- **ASSIGNMENT**: Write the listing out once more, identical to the original but without pictures.

- **RECORDS PROVIDED**:
_ _ _
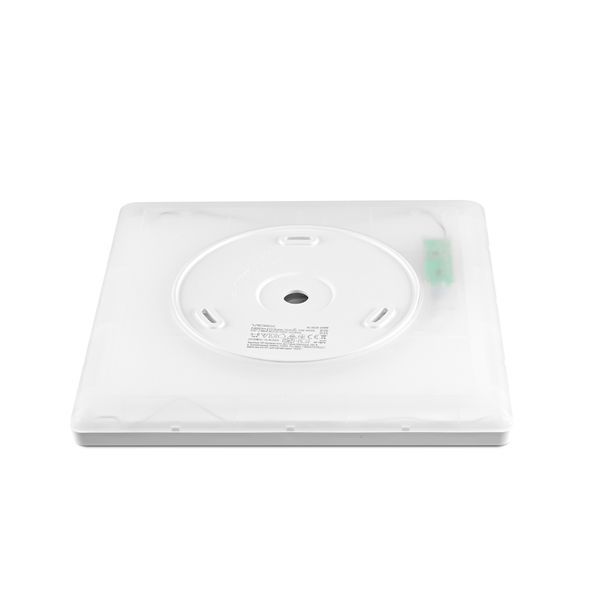 LED світильник з декоративною підсвіткою квадратний VIDEX DL3S 24W 4000K Білий 27854 фото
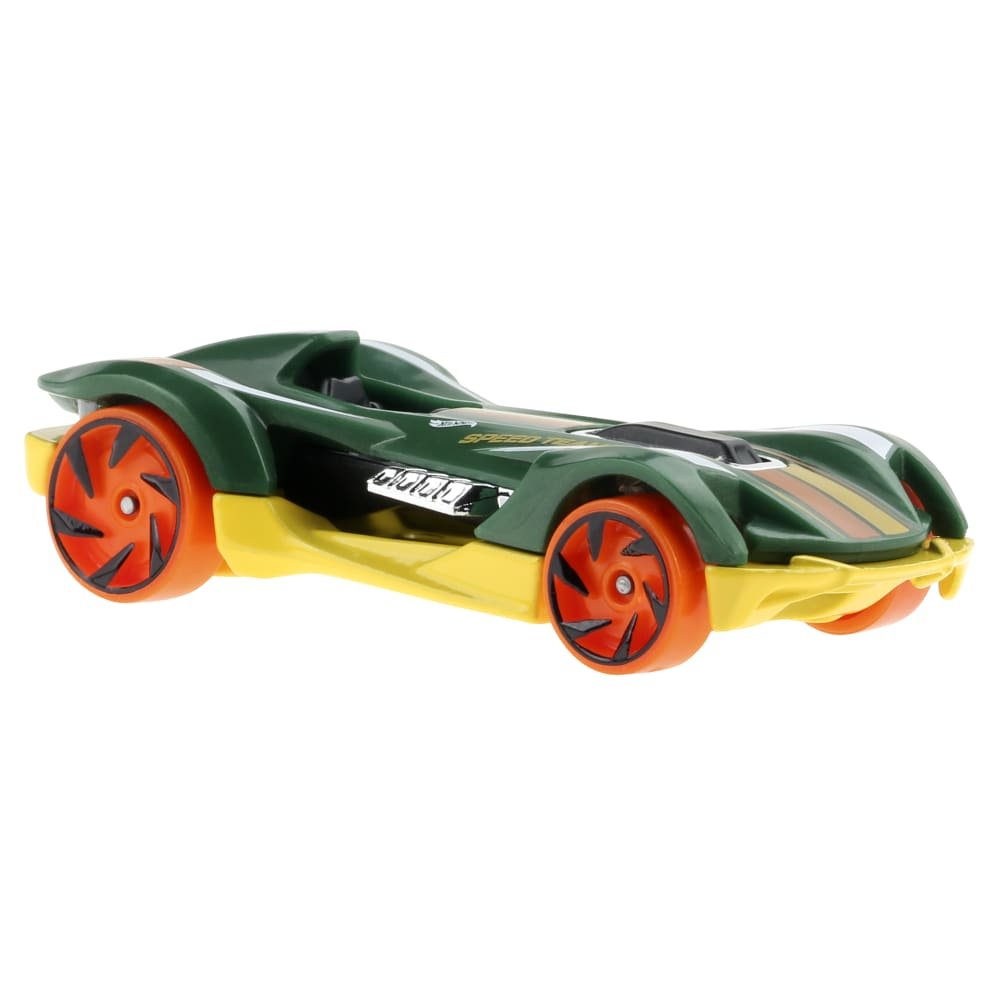 2022 Roadster Bite Green: Image 4
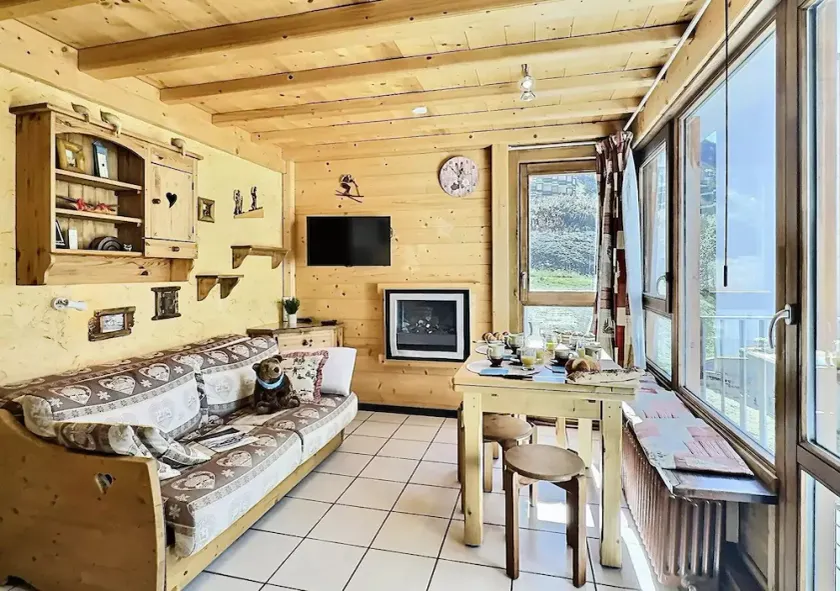 Résidence Les Trolles - JOLI APPARTEMENT 4 PERSONNES PRES DES PISTES MAE-3604 - Image 1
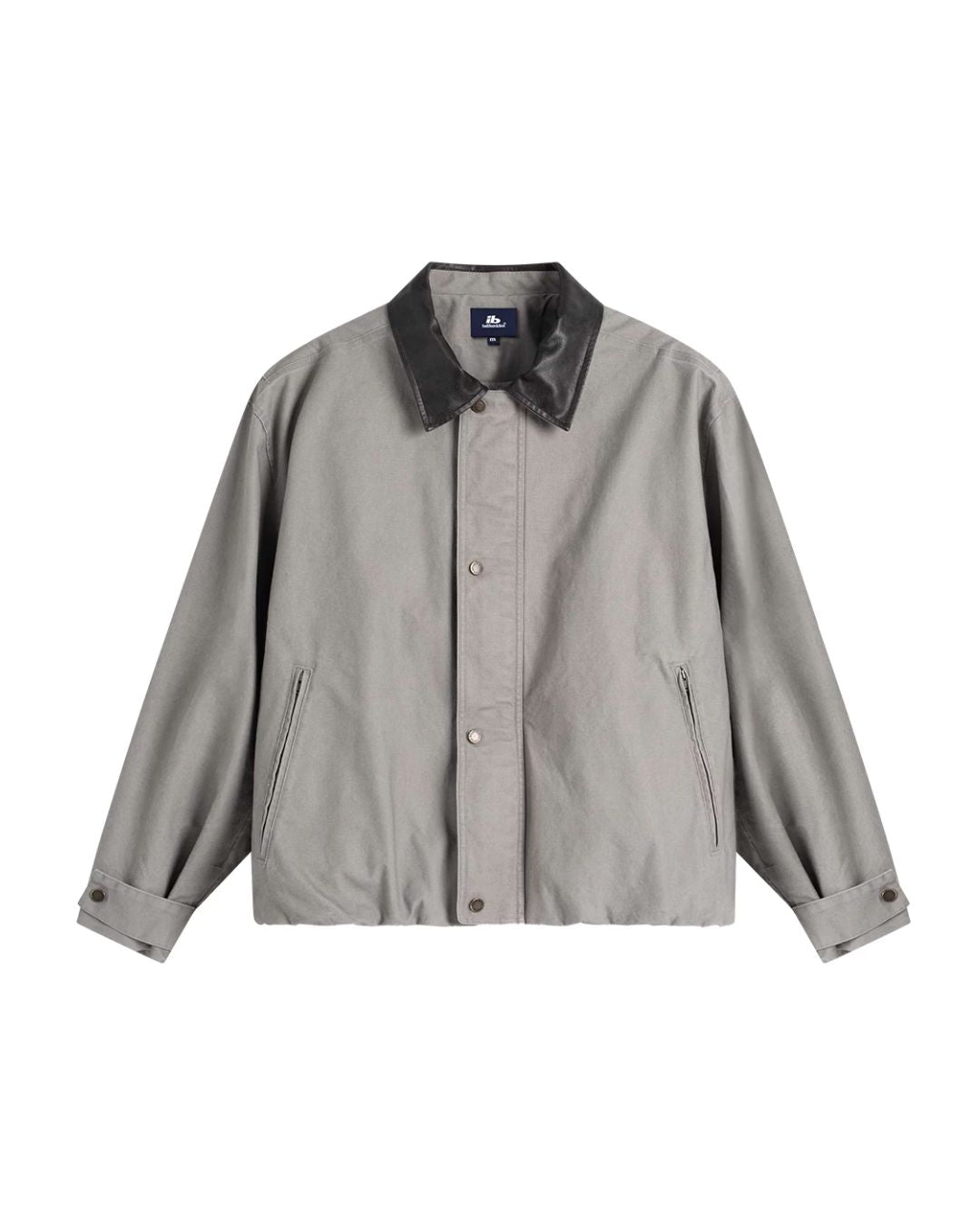 【予約販売】Leather Collar Vintage Jacket　JK247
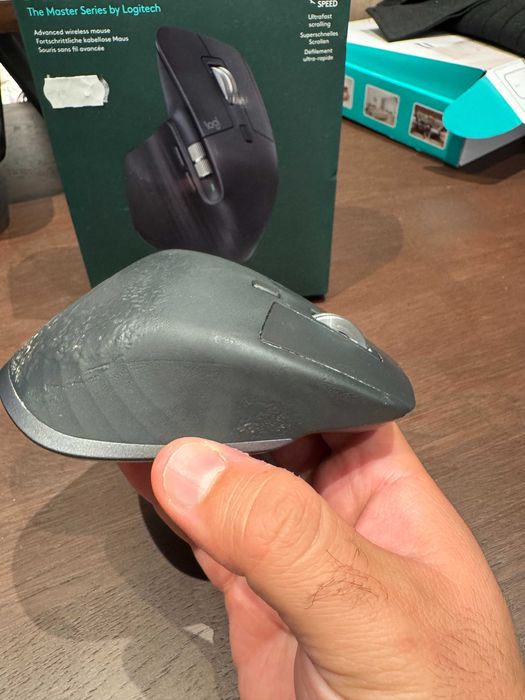 Logitech MX Master 3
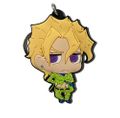 JoJo`s Bizarre Adventure SD Fugo PVC Key Chain 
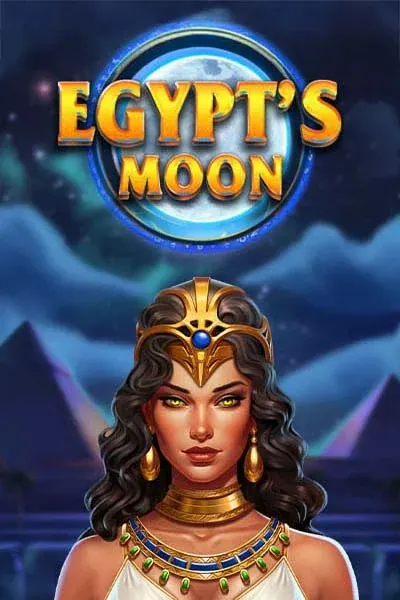 Egypt's Moon Slot — Glitch Spin Casino AT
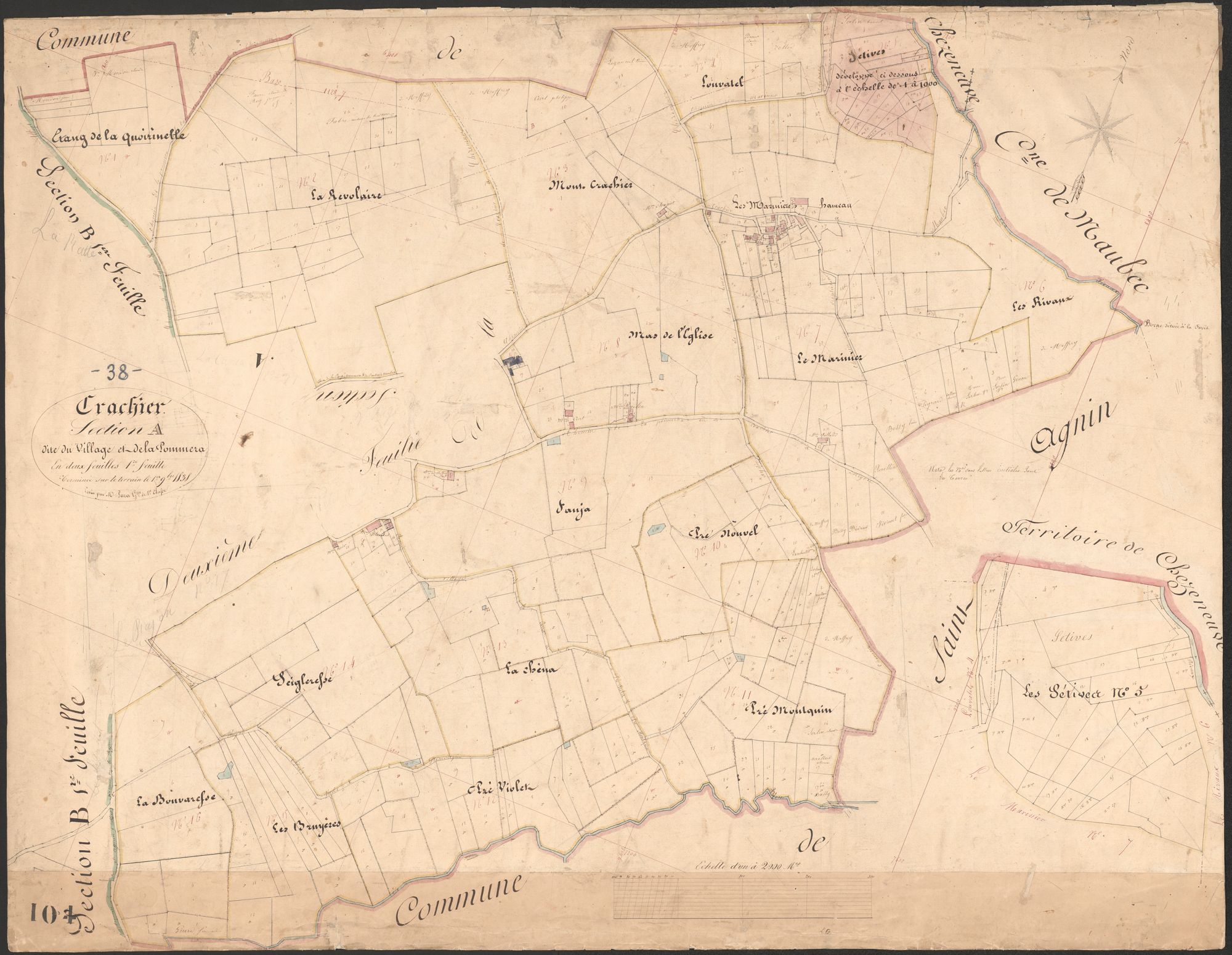 4P4/38 Section A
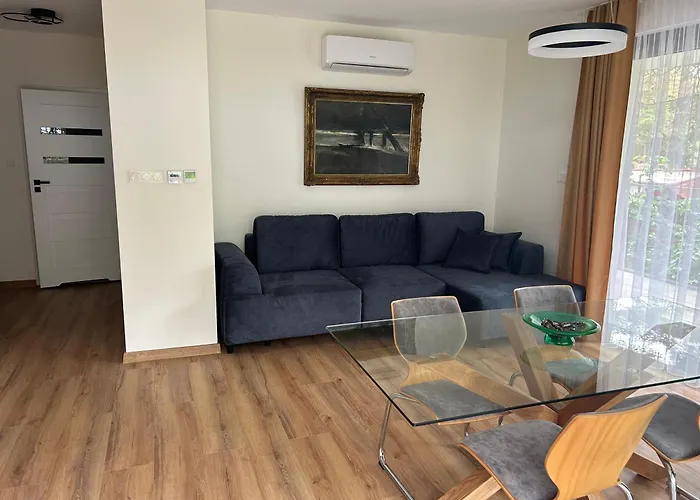 Baltic Whisper Hevenia Apartment *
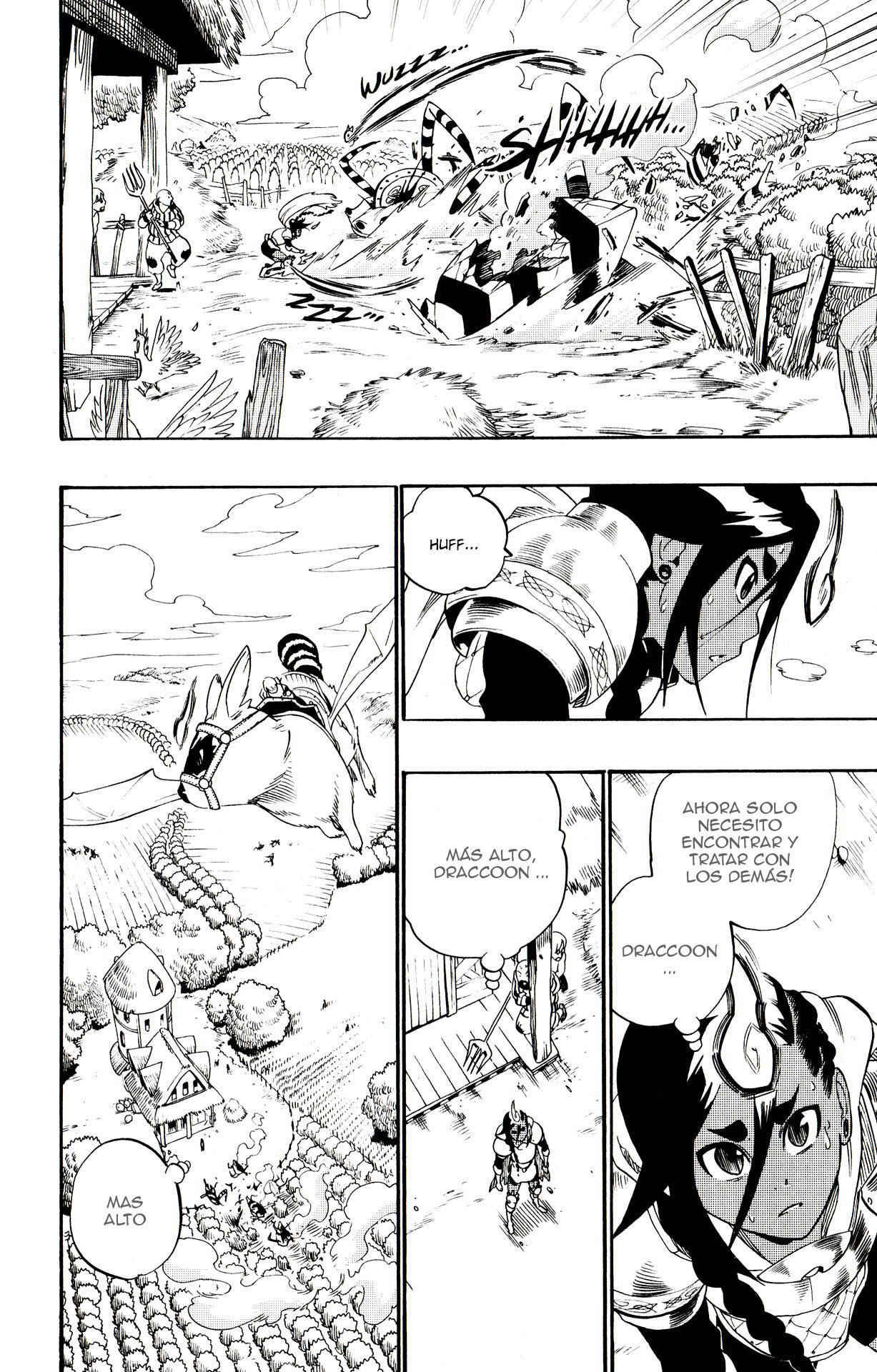 Read Radiant ES Manga Online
_ _ _
- **WRITTEN SOLUTION**:
 LED світильник з декоративною підсвіткою квадратний VIDEX DL3S 24W 4000K Білий 27854 фото
 2022 Roadster Bite Green: Image 4
 Résidence Les Trolles - JOLI APPARTEMENT 4 PERSONNES PRES DES PISTES MAE-3604 - Image 1
 【予約販売】Leather Collar Vintage Jacket　JK247
 Logitech MX Master 3
 JoJo`s Bizarre Adventure SD Fugo PVC Key Chain 
 Egypt's Moon Slot — Glitch Spin Casino AT
 4P4/38 Section A
 Baltic Whisper Hevenia Apartment *
 Read Radiant ES Manga Online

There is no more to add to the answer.